* [TRY IT]
Each line below from the one containing "Hyperion Dolap 9" through the one containing "Vintage Shark Skin" is to be given again exactly, and no line outside that span.

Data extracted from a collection
□ □ □ □ □

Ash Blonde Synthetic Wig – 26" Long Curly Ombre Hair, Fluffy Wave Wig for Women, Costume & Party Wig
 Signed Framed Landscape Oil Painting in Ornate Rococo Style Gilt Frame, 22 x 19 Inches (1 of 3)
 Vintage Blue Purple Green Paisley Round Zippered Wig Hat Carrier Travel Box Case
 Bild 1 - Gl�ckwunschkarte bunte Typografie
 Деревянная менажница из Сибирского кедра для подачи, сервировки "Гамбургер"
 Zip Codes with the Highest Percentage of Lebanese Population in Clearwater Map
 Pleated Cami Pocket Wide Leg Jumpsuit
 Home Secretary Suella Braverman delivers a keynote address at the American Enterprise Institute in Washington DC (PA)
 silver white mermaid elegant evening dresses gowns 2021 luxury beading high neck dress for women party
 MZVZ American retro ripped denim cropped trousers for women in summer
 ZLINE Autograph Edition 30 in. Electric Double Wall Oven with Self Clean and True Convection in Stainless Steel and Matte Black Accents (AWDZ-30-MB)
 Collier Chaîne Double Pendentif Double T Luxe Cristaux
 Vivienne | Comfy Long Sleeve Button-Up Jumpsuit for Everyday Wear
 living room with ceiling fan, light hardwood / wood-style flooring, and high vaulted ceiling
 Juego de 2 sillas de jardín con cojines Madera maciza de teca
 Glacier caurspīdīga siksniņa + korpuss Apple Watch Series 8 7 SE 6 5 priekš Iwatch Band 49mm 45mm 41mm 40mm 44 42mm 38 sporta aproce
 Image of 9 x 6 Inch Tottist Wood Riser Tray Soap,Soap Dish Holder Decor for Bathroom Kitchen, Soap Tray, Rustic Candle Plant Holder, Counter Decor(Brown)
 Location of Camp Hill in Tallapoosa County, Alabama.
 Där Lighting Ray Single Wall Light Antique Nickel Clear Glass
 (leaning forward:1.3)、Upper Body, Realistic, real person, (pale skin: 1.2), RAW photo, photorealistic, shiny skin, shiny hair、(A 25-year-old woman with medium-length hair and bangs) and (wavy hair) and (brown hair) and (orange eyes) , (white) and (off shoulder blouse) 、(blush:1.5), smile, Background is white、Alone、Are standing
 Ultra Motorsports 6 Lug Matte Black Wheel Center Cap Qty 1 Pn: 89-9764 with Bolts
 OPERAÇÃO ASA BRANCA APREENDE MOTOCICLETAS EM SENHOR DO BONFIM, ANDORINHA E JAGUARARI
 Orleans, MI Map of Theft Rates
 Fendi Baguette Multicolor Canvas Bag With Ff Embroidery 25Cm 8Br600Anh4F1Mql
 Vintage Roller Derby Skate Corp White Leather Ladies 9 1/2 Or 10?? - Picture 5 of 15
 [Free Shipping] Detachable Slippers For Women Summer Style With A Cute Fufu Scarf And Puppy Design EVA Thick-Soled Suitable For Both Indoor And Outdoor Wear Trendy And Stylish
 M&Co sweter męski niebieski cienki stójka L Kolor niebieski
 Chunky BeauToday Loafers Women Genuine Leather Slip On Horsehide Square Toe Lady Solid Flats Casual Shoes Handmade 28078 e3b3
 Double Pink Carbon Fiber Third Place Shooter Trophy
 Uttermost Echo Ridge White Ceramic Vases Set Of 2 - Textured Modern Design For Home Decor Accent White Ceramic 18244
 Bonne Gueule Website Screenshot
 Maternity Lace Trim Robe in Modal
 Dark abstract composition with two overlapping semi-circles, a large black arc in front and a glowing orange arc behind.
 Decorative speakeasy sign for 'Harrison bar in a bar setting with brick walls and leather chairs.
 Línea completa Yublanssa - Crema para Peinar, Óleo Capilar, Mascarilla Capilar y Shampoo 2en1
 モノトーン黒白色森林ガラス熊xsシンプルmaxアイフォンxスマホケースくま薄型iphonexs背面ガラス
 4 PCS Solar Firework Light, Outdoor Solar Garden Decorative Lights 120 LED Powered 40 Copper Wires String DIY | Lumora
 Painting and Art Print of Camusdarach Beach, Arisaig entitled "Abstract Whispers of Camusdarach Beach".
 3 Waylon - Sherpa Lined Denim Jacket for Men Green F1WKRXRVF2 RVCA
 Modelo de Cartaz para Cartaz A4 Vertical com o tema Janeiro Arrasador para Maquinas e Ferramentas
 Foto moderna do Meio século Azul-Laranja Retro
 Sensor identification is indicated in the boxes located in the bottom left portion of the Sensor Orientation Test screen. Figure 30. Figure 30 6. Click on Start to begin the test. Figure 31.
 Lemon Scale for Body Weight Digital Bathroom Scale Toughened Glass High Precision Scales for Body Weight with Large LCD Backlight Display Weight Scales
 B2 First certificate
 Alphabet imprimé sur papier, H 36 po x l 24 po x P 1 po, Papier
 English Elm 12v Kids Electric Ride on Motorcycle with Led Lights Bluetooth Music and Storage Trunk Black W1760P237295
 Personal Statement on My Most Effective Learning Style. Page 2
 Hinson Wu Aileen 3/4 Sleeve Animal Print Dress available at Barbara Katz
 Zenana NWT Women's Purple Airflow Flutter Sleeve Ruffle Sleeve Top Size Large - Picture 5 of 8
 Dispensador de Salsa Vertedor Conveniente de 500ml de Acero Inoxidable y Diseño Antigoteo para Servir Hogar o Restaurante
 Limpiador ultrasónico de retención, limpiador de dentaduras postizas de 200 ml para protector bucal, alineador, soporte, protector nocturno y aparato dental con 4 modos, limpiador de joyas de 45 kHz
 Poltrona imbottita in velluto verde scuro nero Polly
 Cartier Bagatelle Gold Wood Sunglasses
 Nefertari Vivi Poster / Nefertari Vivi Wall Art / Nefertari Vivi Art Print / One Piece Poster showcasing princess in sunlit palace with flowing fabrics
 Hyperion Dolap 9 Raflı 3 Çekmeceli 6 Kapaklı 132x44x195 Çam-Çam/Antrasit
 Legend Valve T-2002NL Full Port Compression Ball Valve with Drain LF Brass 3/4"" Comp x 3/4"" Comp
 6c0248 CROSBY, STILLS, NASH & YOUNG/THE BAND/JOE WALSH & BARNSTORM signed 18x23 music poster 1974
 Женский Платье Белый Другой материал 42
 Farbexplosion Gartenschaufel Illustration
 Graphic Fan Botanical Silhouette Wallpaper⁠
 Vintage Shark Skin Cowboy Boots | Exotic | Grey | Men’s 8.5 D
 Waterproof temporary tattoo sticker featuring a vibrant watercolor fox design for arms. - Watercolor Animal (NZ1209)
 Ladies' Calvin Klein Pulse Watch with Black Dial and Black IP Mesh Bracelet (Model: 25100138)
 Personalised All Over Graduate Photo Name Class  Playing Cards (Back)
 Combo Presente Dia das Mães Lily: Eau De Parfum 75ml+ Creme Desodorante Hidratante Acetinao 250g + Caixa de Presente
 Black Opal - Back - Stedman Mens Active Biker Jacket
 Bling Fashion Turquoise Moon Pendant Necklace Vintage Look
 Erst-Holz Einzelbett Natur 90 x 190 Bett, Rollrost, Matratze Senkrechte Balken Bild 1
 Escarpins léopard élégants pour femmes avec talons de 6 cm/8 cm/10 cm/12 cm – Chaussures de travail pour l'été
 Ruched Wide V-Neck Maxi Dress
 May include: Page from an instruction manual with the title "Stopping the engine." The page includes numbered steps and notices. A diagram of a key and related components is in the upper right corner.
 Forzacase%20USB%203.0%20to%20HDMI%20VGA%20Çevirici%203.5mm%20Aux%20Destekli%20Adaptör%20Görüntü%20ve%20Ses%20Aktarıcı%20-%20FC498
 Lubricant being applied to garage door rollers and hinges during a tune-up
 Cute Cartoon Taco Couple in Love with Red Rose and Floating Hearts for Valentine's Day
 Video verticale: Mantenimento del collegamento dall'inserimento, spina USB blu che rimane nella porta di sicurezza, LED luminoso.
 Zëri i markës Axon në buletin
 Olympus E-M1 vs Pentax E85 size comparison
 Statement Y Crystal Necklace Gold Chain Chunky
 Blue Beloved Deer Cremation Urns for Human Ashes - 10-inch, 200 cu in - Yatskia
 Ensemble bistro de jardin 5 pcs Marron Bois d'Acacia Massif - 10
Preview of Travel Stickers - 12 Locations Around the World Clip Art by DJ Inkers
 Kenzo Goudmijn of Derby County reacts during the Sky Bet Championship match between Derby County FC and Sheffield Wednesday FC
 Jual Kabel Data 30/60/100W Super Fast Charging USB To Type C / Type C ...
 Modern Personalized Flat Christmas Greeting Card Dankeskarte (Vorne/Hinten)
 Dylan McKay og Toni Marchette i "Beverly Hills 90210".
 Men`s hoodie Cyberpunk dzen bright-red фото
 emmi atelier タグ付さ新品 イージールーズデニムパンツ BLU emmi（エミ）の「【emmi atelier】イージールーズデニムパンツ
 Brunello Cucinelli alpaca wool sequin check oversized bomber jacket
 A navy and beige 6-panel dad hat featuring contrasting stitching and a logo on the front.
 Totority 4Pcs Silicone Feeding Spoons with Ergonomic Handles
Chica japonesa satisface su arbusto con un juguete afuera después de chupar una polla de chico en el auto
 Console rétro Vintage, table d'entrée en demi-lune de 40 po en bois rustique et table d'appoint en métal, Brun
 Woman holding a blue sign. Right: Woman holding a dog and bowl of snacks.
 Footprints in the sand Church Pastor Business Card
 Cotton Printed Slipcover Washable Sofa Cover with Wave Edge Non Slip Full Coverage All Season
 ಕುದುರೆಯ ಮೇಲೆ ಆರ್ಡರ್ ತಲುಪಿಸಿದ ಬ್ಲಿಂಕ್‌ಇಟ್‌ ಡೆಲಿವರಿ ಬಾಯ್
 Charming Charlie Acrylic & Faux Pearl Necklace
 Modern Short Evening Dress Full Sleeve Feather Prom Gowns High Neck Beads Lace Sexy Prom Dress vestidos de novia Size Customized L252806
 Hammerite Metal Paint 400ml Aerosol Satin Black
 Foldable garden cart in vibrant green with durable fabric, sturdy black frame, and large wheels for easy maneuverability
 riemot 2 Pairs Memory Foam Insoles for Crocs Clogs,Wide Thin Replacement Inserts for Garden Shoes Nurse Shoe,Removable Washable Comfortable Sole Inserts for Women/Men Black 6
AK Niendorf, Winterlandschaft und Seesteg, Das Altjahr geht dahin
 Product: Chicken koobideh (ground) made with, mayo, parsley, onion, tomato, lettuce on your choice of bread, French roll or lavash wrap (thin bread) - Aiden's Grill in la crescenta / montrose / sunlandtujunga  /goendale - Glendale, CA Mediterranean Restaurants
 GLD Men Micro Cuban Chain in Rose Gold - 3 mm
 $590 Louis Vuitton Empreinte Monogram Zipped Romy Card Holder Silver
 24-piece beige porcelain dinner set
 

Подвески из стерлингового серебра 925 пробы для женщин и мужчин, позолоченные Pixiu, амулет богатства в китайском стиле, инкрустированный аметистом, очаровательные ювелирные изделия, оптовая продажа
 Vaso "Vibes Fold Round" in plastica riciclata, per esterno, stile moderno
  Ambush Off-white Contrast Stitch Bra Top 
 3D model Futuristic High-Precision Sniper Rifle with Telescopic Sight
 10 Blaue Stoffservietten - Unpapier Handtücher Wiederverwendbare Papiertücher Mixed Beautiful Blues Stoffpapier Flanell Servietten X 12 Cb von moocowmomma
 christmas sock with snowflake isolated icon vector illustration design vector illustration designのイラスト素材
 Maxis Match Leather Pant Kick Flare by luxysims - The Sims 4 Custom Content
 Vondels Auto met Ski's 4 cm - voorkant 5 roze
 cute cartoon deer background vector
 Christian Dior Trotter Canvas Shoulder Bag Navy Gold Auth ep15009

□ □ □ □ □

* [WRITTEN RESPONSE]
 Hyperion Dolap 9 Raflı 3 Çekmeceli 6 Kapaklı 132x44x195 Çam-Çam/Antrasit
 Legend Valve T-2002NL Full Port Compression Ball Valve with Drain LF Brass 3/4"" Comp x 3/4"" Comp
 6c0248 CROSBY, STILLS, NASH & YOUNG/THE BAND/JOE WALSH & BARNSTORM signed 18x23 music poster 1974
 Женский Платье Белый Другой материал 42
 Farbexplosion Gartenschaufel Illustration
 Graphic Fan Botanical Silhouette Wallpaper⁠
 Vintage Shark Skin Cowboy Boots | Exotic | Grey | Men’s 8.5 D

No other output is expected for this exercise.